Many aquarium stems will grow up through the water, break the surface and keep growing above. These include various _Hygrophila, Bacopa, Ludwigia _and others.

Baby panda bamboo (_Pogonatherum crinitum_) would look cool in a little tank like that, but it would be easier to manage in a riparium planter.


----------



## Vancat2 (Jun 23, 2010)

I have java moss growing out of the water on DW. But, when it grows too far up it turns brown. I'd like to hear other people's answers to your question.


----------



## RachelFromTheBlackLagoon (Jan 9, 2011)

hydrophyte said:


> Many aquarium stems will grow up through the water, break the surface and keep growing above. These include various _Hygrophila, Bacopa, Ludwigia _and others.
> 
> Baby panda bamboo (_Pogonatherum crinitum_) would look cool in a little tank like that, but it would be easier to manage in a riparium planter.


Ah, just the person I was hoping for a response from! I am dying to try a riparium after seeing your amazing setups, but the other half would have my head if I brought another tank into the house! I figure this little tank at work is somewhat of a happy medium...or at least it will hold me over until I can convince him that I need a real riparium LOL. 

Thanks! I'll try some of those plants.


----------



## RachelFromTheBlackLagoon (Jan 9, 2011)
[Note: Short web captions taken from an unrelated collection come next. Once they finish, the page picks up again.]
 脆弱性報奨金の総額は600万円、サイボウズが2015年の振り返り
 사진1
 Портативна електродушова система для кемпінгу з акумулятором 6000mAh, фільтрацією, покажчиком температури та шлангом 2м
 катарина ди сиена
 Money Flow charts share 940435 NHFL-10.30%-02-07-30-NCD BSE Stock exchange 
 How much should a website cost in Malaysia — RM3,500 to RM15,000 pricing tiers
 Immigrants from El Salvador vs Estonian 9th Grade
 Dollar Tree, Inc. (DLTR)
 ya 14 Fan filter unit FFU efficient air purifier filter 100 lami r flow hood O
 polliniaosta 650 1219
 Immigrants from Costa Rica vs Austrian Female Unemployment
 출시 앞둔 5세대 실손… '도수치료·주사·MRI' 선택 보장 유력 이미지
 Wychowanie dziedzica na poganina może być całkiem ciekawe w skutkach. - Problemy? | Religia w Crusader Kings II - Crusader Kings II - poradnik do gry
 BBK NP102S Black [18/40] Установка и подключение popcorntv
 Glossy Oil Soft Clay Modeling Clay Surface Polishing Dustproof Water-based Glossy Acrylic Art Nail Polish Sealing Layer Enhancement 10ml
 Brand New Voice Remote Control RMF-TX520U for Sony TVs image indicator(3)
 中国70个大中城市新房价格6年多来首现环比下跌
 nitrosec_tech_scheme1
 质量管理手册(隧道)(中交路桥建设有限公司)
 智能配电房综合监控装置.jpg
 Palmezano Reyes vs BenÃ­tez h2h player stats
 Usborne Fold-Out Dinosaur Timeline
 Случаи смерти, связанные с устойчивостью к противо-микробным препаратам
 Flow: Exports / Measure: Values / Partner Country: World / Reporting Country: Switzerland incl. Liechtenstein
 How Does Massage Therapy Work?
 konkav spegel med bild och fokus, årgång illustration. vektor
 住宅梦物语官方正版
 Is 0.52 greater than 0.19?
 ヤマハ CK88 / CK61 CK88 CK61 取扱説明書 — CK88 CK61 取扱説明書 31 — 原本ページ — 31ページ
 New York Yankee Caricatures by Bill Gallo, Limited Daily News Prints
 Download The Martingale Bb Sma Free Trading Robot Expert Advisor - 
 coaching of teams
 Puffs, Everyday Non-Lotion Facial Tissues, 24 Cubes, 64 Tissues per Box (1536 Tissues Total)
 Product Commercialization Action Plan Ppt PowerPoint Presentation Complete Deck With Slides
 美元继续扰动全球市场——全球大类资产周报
Another question... If I made small riparium planters out of plastic canvas and suction cups, would those work alright? Can I use Eco-complete in riparium planters or is it too fine? I have about 3/4 of a bag leftover from one of my tanks.


----------



## Budget aquarist (Feb 1, 2011)

i think it will be fine, i have had many types of plants break the surface, but they are quite large. (amazon swords) but small, fun to look at plants that sit ON the surface are some types of lilies, like the tiger lilies, banana plant.


----------



## Kibblemania1414 (Feb 1, 2011)

agreed, i was thinking about doing the same thing when my banana plant wasn't getting enough light because my anubias and my hornwart would cover up the top.
you could buy like a "fragasaurus" from marine depot, it is meant to frag your corals, but you could use it for plants.. probably.


----------



## EntoCraig (Jun 7, 2010)

Tiger lotus will flower above the water line if you let it.


----------



## RachelFromTheBlackLagoon (Jan 9, 2011)

Thanks, all! Looks like I've got some great options.


----------